__WORK INSTRUCTIONS__
Starting at the line below with "Hello and good" and stopping at the line with "This is Tim", please print each line exactly, those two included, and skip every picture.

__RECORD EXCERPTS__
= = = =

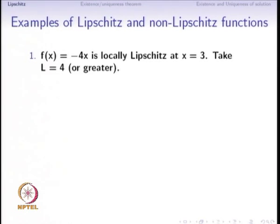Some examples of Lipschitz functions: f equal to minus 4x is locally Lipschitz at x equal to 3. We will later see that it is locally Lipschitz everywhere — in fact it is globally Lipschitz. We had just begun drawing a graph.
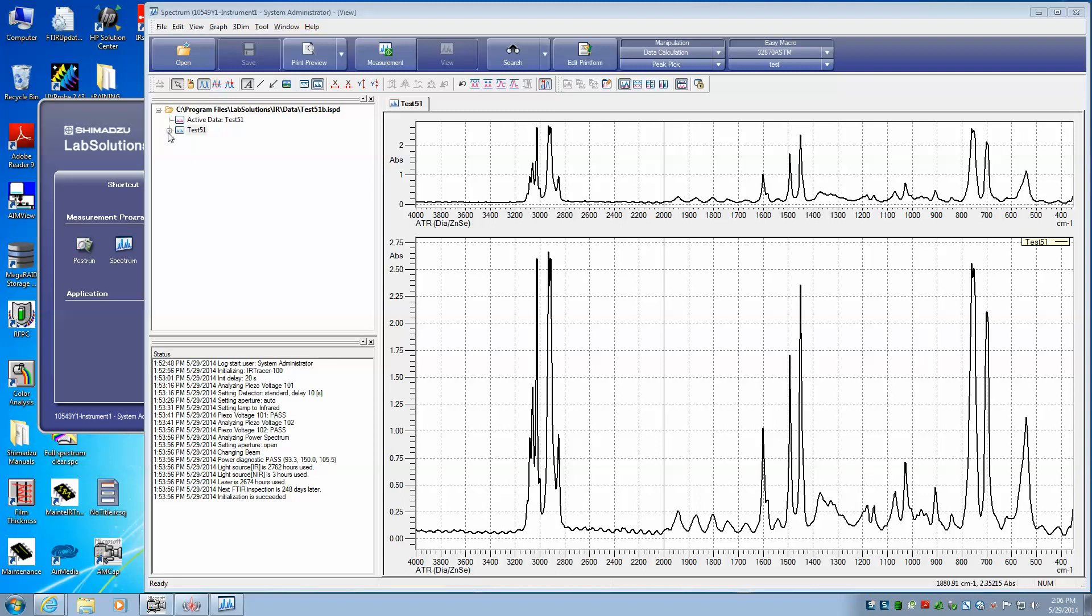Okay, now we have our sample, test 51, the one we just acquired, the polystyrene, loaded.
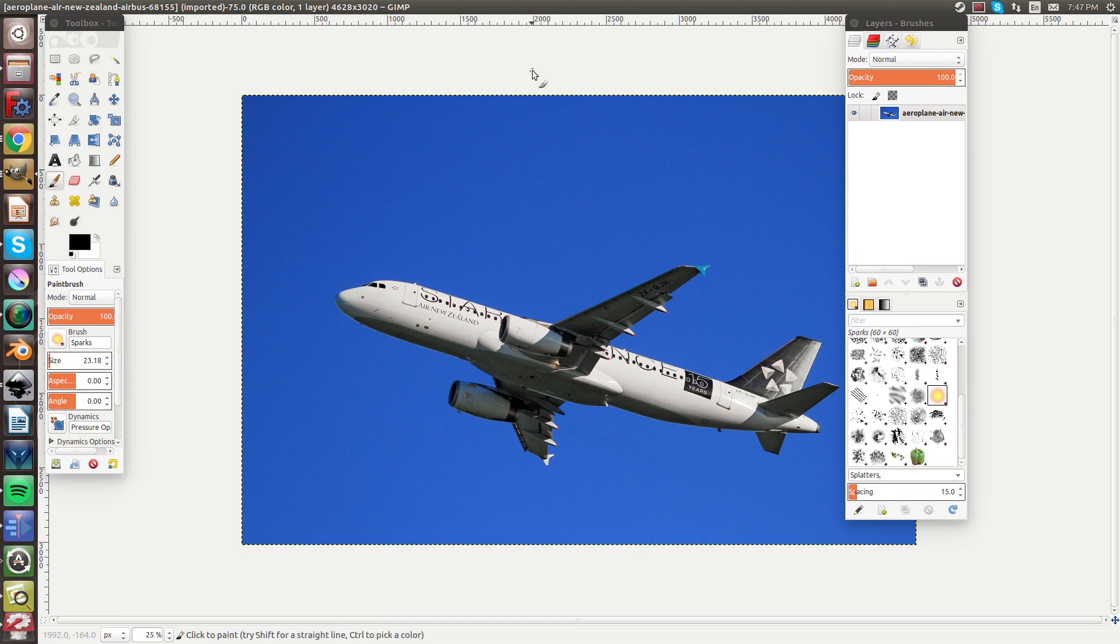Hey guys, welcome back to InventBox and in today's video I'm going to be showing you how to remove the background on an image in GIMP. So let's get started.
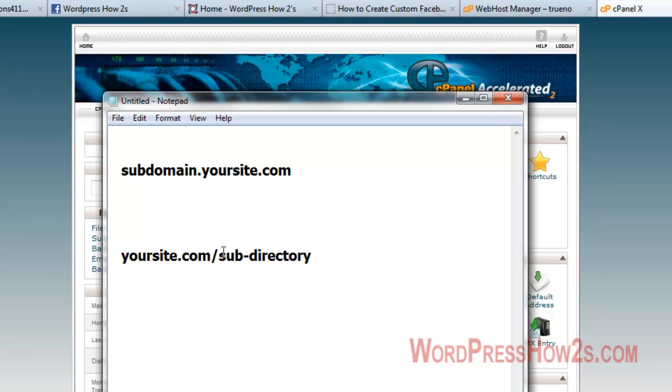For subdirectories, I would use a subdirectory on my main site just to have something different, like if I wanted to put an e-commerce site on my main website.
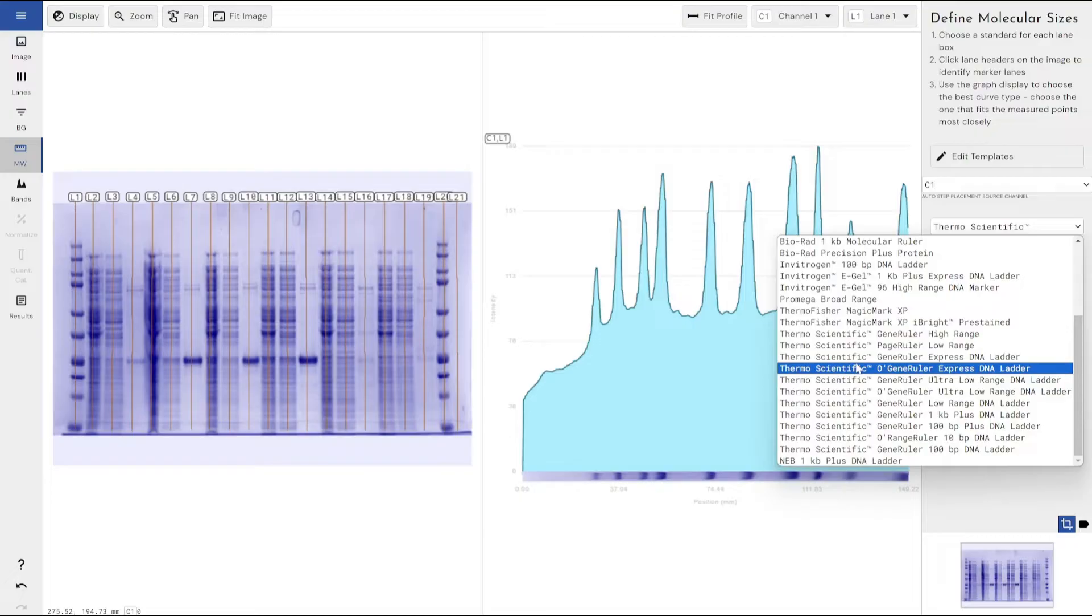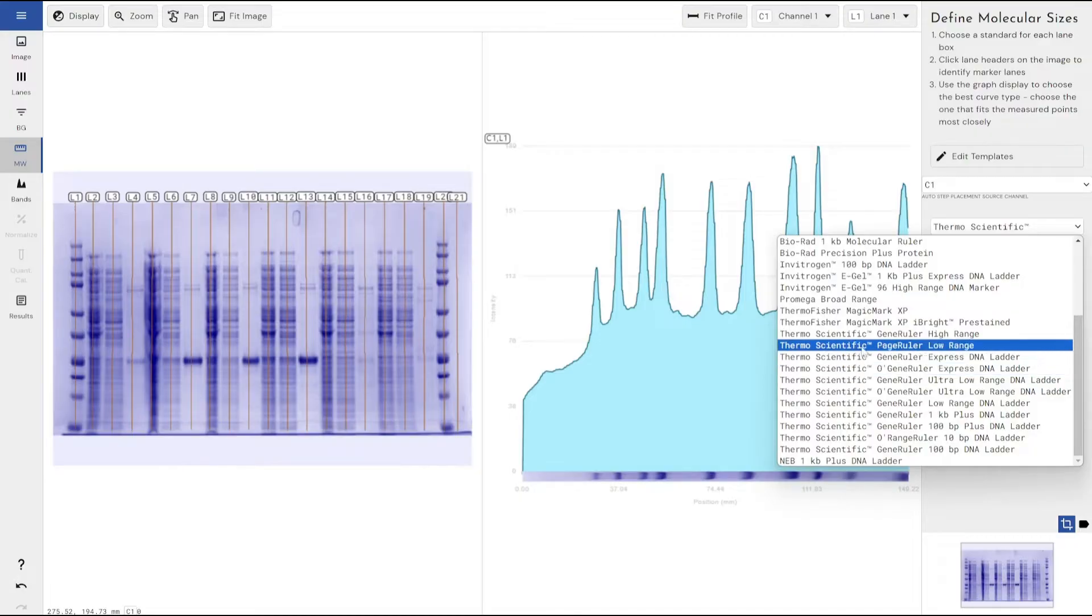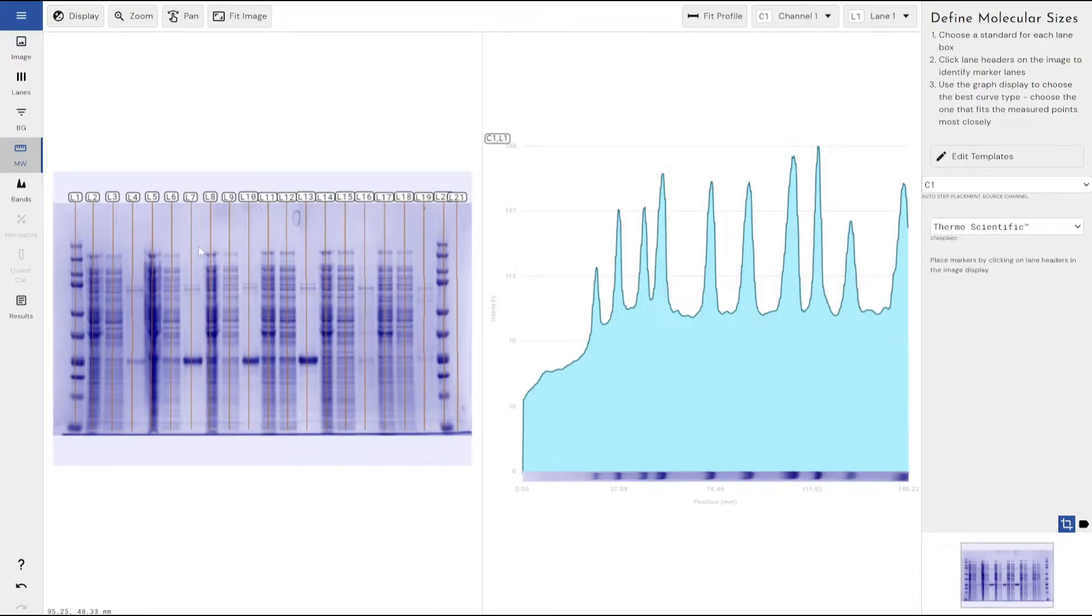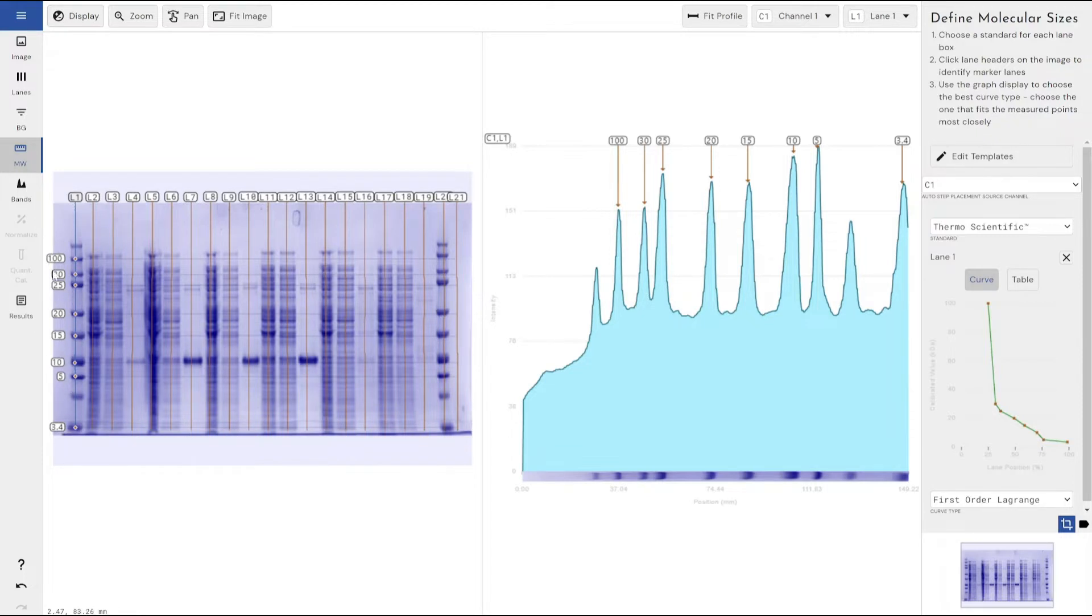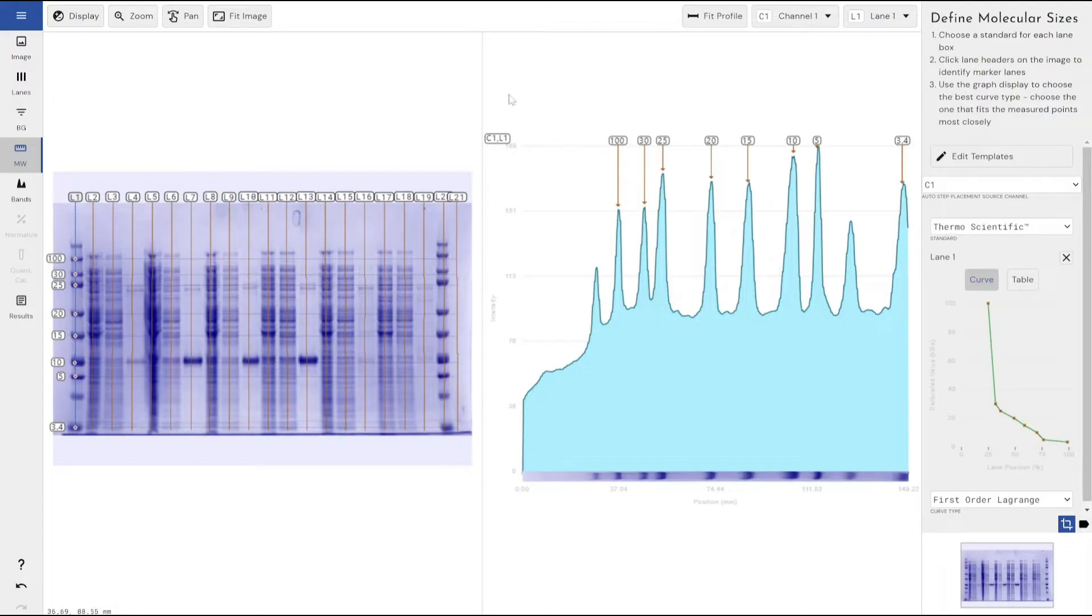One way to check would be to select one and then apply it to your ladder and make sure that you've got the right number of standards, the right number of steps within your molecular weight ladder and that they're displaying the correct value for each step that you would expect from the manufacturer's instructions.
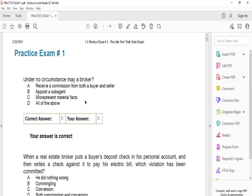Hello and good afternoon, guys. Welcome to MK Community Brokerage. My name is Mohamed. In this video, we're going to go over some practice exam questions for the New York State real estate exam.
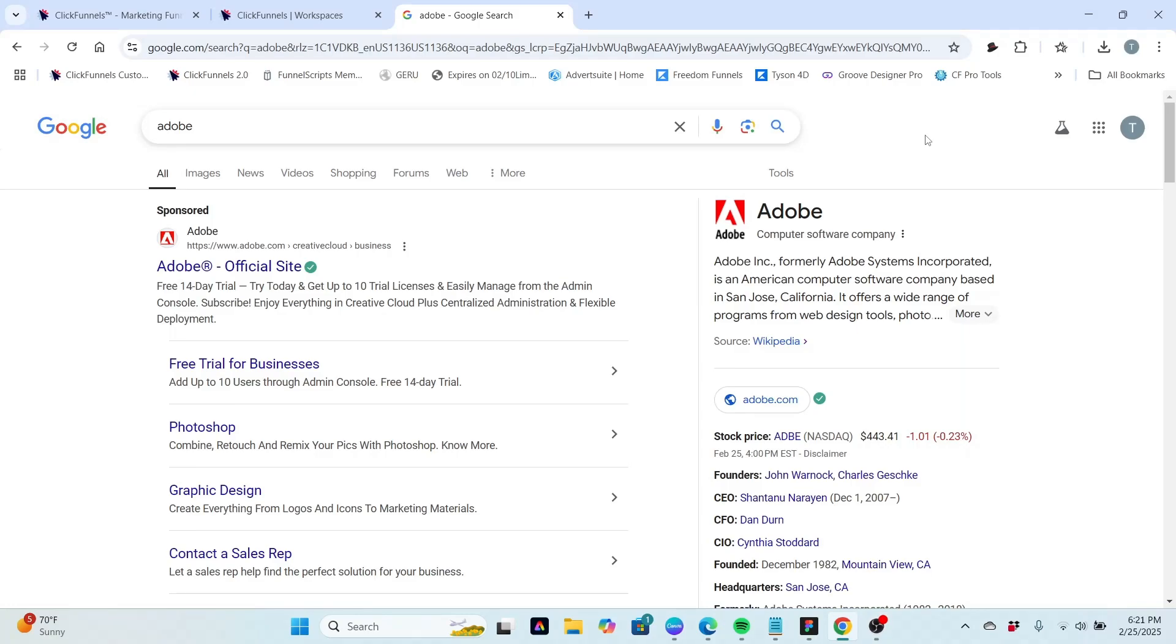This is Tim Willis and today I'm going to be starting a series of videos on free products you can get from Adobe.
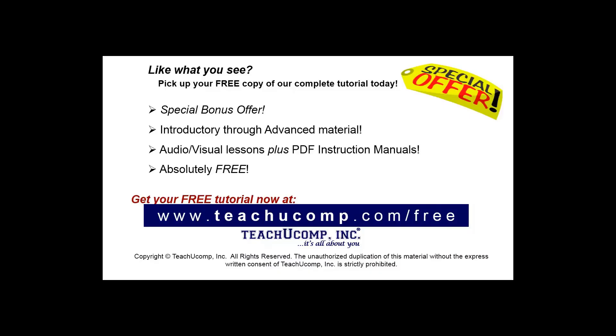Like what you see? Pick up your free copy of the complete tutorial at www.teachyoucomp.com/free.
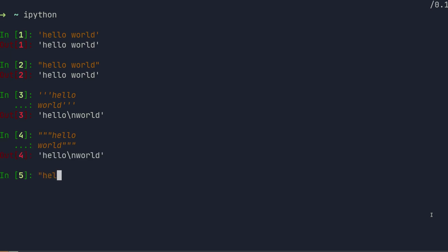To define multi-line strings you can use triple single or triple double quotes.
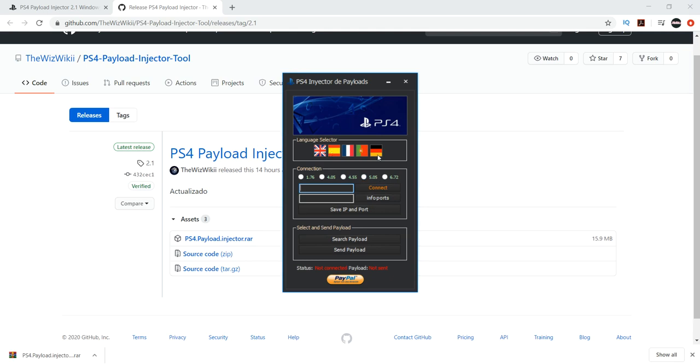Like I mentioned, the jailbreak is not out. This is just to prepare for it. So I guess if you guys are on 6.72 or below, download this, and then when it comes out you can do it.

= = = =

__RESPONSE BELOW__
Hello and good afternoon, guys. Welcome to MK Community Brokerage. My name is Mohamed. In this video, we're going to go over some practice exam questions for the New York State real estate exam.
This is Tim Willis and today I'm going to be starting a series of videos on free products you can get from Adobe.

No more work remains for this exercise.